O programa Estadão Analisa detalha a rejeição da segunda proposta de delação premiada do banqueiro Daniel Vorcaro pela Polícia Federal. A PF informou ao gabinete do ministro André Mendonça, do STF, a não aceitação das informações apresentadas até o momento. A PGR ainda analisa a proposta, sem prazo definido.
Segundo apuração, a avaliação dos investigadores não apontou novidades relevantes em relação às provas já reunidas, incluindo dados do celular de Vorcaro. O caso segue em análise pela Procuradoria-Geral da República, que pediu cautela na avaliação do material.
A reportagem destaca que a segunda proposta pode envolver acusações de pagamento de propina ao presidente do Senado, Davi Alcolumbre. A Veja relata que o banqueiro também teria mencionado uso de conta no exterior para repassar recursos a Alcolumbre, em operação ligada a Augusto Lima, ex-sócio de Vorcaro.
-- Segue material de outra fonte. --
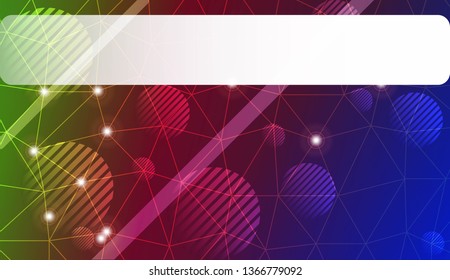 Abstract mosaic background with triangles, line, circle, space for text. Modern design for you business, project. Vector illustration. Blur Sweet Dreamy Gradient Color Background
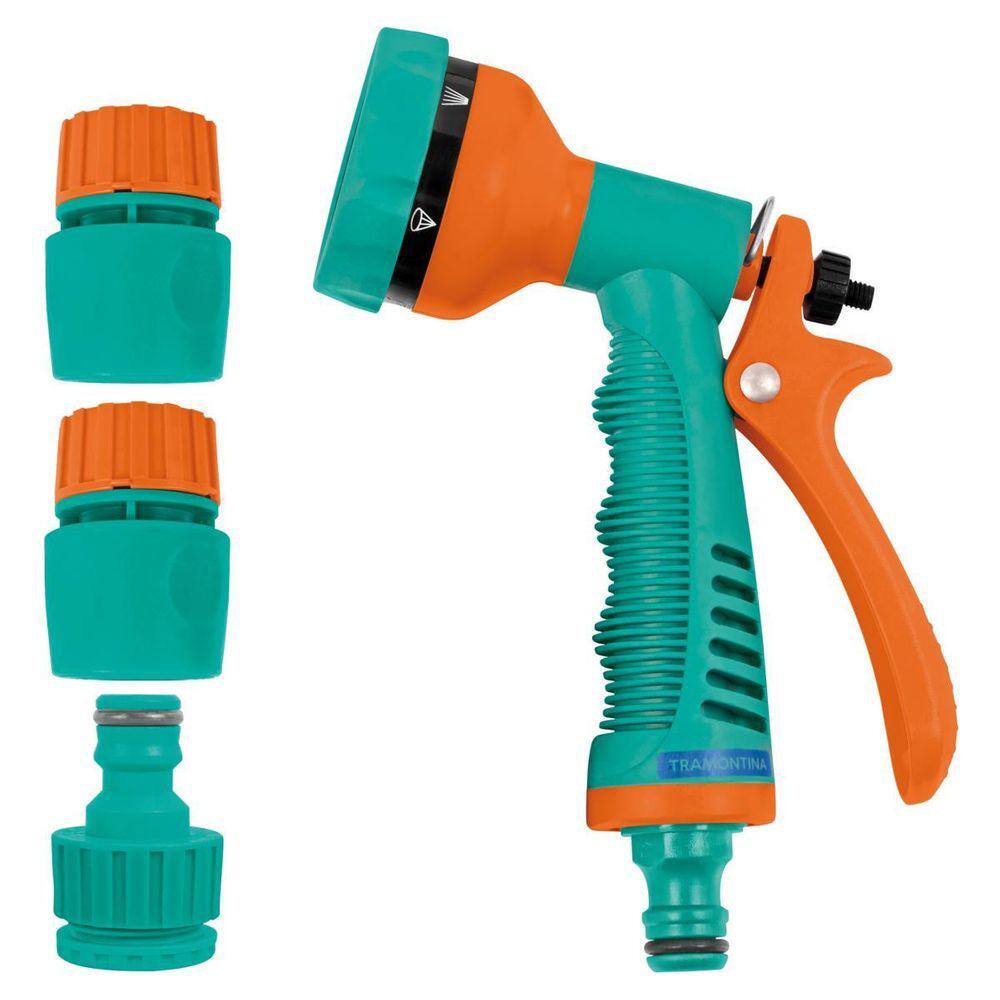 Kit Esguicho Hidropistola 6 Jatos com Acessórios Tramontina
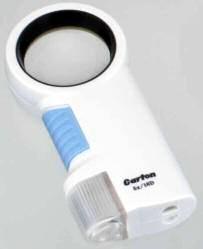 White LED/UV LED light & strap MI-22010L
Além disso, há a menção de um pagamento de US$ 30 milhões, hoje estimado em cerca de R$ 153,5 milhões, depositado em conta secreta. O dinheiro teria sido repassado a Alcolumbre em troca de apoio a interesses de Vorcaro, segundo a publicação.
Situação atual do processo
A PF não concluiu a análise formal da delação. O procurador-geral Paulo Gonet instruiu a equipe a examinar o material com cautela, sem estabelecer prazo. A decisão final depende de avaliação conjunta entre PF e PGR, com a atuação do STF na linha de fundo.
A história, conforme o material disponível, permanece em fase de análise e verificação de fatos. A PF já comunicou a Mendonça sobre a recusa, enquanto a defesa do dono do Banco Master não teve notícia de resposta formal até o momento.
O Estadão Analisa continua acompanhando os desdobramentos, com divulgação de novas informações oficiais assim que houver. A curadoria busca reduzir ruídos e priorizar fatos verificáveis sobre o tema.